3)そして、「区分所有者が行う工事に対する制限の考え方」として、専有部分の修繕や共用部分の窓ガラスなどの開口部の改良工事の一般的なルールを表にして別添資料として掲載している。(後段別掲)専有部分の管・配線、設備、天井・床・壁及び共用部分の窓、玄関、面格子又は躯体、梁・柱・床スラブという部位ごとに提示している。この一般ルールをマンションそれぞれの特有の条件に加味し、決めてゆく必要があるだろう。このような工事の制限に関する基準を明示することにより、区分所有者も専有部分の改修工事の限界を知ること、またリノベーション工事の申請の承認の可否を理事会として示すことができる。
4)平成28年標準管理規約改正においても、平成16年標準管理規約から維持されてきた「承認した専有部分の修繕工事の立ち入り、必要な調査」をすることがリノベーション工事では必要である。例えば、ファミリー向けの3LDKの間取りをひとり暮らしに適した1LDKなど自由で大幅な改修することは可能であるが、自由に間取りが作れるとはいえ壁式構造のマンションでは壁が建物を支える躯体であるので、この壁を取り外しての間取りの変更はできない制約がある。このような工事を実施させないためにも、予めの申請と工事の立ち入り調査は不可欠となるだろう。
5)平成28年標準管理規約で「専有部分の修繕」に関する改正で新たに加えられた条項がある。
「工事後に共用部分又は他の専有部分に影響が生じた場合は、工事を発注した区分所有者の責任と負担で必要な措置を取らねばならない」とした。この工事の結果をめぐる紛争で、申請を承認した理事長にも責任があるかのような主張があるが、これにより、この工事の責任は、発注した区分所有者であることを明らかにしている。この条項は規約に取り入れる必要がある改正点である。
6)このようなトラブルが起こった場合、最後的には裁判で裁断を仰ぐこともあると思われるが、裁判の過程、裁判後にマンションの共同生活に大きな影響を与えることも予測される。マンションはその空間を様々な価値観を有する区分所有者が生活する場であることから、共存できるような紛争の解決が必要であろう。調停人が介在し、ウインウインで話し合い解決をはかるADRという手続があり、日本マンション管理士会連合会が法務大臣認証裁判外紛争解決手続の「マンション紛争解決センター」を設立し、マンションADRでの手続で解決を提示している。また、国の機関である公益財団法人住宅リフォーム・紛争処理支援センターにおいても弁護士等により裁断型調停も行われている。

 

【NPO日本住宅管理組合連合会の回答】
騒音トラブルがどの時点であったのかが示されていませんが、リフォーム工事中なのか、リフォーム後なのかです。工事中であれば、工事に際しての注意を示したルールを作り、これを守っていただくこと。もちろんこれは住戸の持ち主である区分所有者が理解し、工事業者にそれを守ってもらうということになります。

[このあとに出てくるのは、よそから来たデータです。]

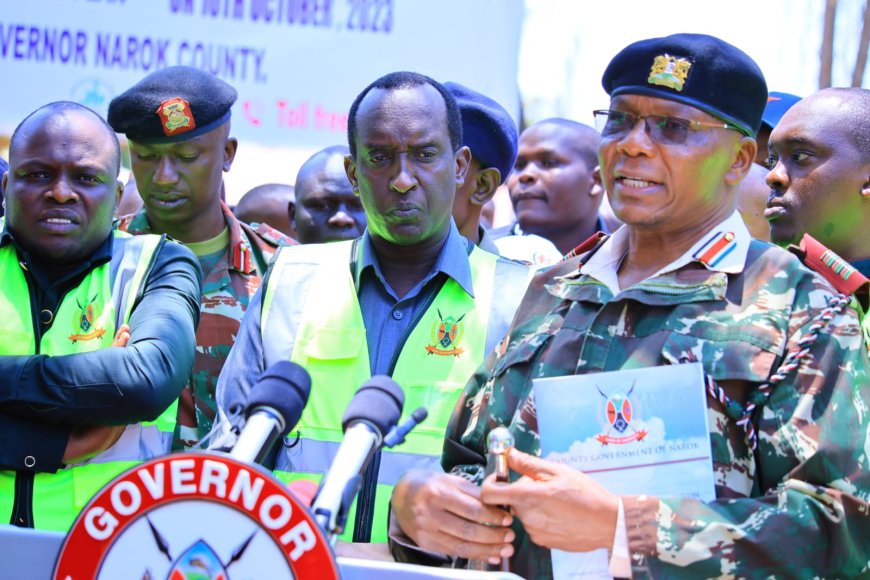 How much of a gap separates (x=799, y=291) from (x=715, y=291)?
182 millimetres

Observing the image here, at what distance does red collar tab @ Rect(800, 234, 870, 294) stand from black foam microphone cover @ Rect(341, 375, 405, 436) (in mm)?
1309

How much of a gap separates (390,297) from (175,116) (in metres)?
1.63

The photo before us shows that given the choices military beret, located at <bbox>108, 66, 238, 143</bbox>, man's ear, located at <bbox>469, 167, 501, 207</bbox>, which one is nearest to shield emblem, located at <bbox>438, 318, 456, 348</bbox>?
man's ear, located at <bbox>469, 167, 501, 207</bbox>

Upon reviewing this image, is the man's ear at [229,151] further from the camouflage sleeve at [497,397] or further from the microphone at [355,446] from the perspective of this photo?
the microphone at [355,446]

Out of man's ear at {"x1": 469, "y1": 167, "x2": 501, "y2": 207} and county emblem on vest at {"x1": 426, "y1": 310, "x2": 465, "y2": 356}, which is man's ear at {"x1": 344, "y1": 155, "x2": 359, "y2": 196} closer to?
county emblem on vest at {"x1": 426, "y1": 310, "x2": 465, "y2": 356}

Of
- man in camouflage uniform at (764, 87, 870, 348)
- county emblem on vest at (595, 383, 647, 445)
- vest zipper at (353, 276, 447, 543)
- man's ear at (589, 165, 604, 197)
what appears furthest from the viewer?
man's ear at (589, 165, 604, 197)

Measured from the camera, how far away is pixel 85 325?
3.83m

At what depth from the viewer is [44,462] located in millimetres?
3621

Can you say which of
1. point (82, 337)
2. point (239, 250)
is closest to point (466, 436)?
point (82, 337)

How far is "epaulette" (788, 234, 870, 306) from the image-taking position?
2.94 m

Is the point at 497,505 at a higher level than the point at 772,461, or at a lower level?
lower

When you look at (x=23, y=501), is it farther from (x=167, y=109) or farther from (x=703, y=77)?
(x=703, y=77)

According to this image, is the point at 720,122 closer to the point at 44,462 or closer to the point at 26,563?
the point at 26,563

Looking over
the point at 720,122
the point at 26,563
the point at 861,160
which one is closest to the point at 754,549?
the point at 720,122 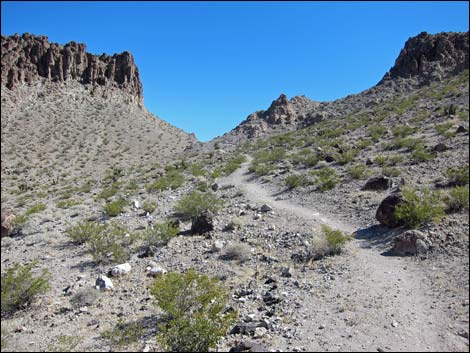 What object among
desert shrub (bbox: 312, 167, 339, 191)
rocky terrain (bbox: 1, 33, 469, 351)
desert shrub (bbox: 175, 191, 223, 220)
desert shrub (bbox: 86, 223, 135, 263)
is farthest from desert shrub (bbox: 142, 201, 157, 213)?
desert shrub (bbox: 312, 167, 339, 191)

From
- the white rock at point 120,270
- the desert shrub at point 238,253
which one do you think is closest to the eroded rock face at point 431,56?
the desert shrub at point 238,253

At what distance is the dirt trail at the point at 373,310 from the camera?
4.92m

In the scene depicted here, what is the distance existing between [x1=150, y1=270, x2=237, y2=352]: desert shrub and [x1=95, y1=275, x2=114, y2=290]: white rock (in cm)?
202

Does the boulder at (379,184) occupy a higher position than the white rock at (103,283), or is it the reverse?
the boulder at (379,184)

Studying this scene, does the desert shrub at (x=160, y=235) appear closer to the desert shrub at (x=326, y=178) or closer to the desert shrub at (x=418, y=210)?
the desert shrub at (x=418, y=210)

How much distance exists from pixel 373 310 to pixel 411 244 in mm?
2807


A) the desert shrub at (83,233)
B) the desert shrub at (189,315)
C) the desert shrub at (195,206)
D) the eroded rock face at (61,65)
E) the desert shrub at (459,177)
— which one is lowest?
the desert shrub at (189,315)

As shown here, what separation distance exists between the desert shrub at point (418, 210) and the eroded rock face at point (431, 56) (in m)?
39.6

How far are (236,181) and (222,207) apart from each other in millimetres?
7039

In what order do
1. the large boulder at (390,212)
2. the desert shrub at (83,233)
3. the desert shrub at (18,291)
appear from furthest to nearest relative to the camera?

実際にあったことですが、「日曜・祝祭日は工事を行ってはいけない」というルールを設けていた管理組合で、ある住戸内をスケルトンにした後、リノベーションを行なっていた工事業者がルールを無視して工事を2回ほど行った結果、理事会は一切の工事停止を求め、半年もの間工事が止まっています。これにより、区分所有者は仮の住まいに居続けなくてはならず、困り果てています。とは言え、工事業者にきちんと守るべきルールを伝えていなかったことに問題があります。
この場合、区分所有者が責任を持って工事業者にルールを説明し、これくらいはいいだろうなどとルールを疎かにしないよう、強く伝えておくことが必要でした。
工事業者を選ぶ際は、安価であるといったことだけで選ぶのではなく、信用がおけるのか、経験は豊富なのかといったこと、評判なども踏まえて選び、工事業のトラブルを起こさないようにしたい。それらを踏まえ、何を、どのように、いくらで、いつまでにといった内容を明文化した契約書と仕様書を作成しておくことは必須で、口約束は避けるべきです。
「友人だから信用したが、約束した機器やカラーと違うし、出来栄えも相当落ちている」といった苦情もあります。新築の戸建の家の話ですが、同様に「友人の紹介の工務店に建ててもらったが、車が通っただけで、とくに3階部分揺れがあり、地震があった時を想像すると怖い」ということで、5年後にマンションに転居した例があります。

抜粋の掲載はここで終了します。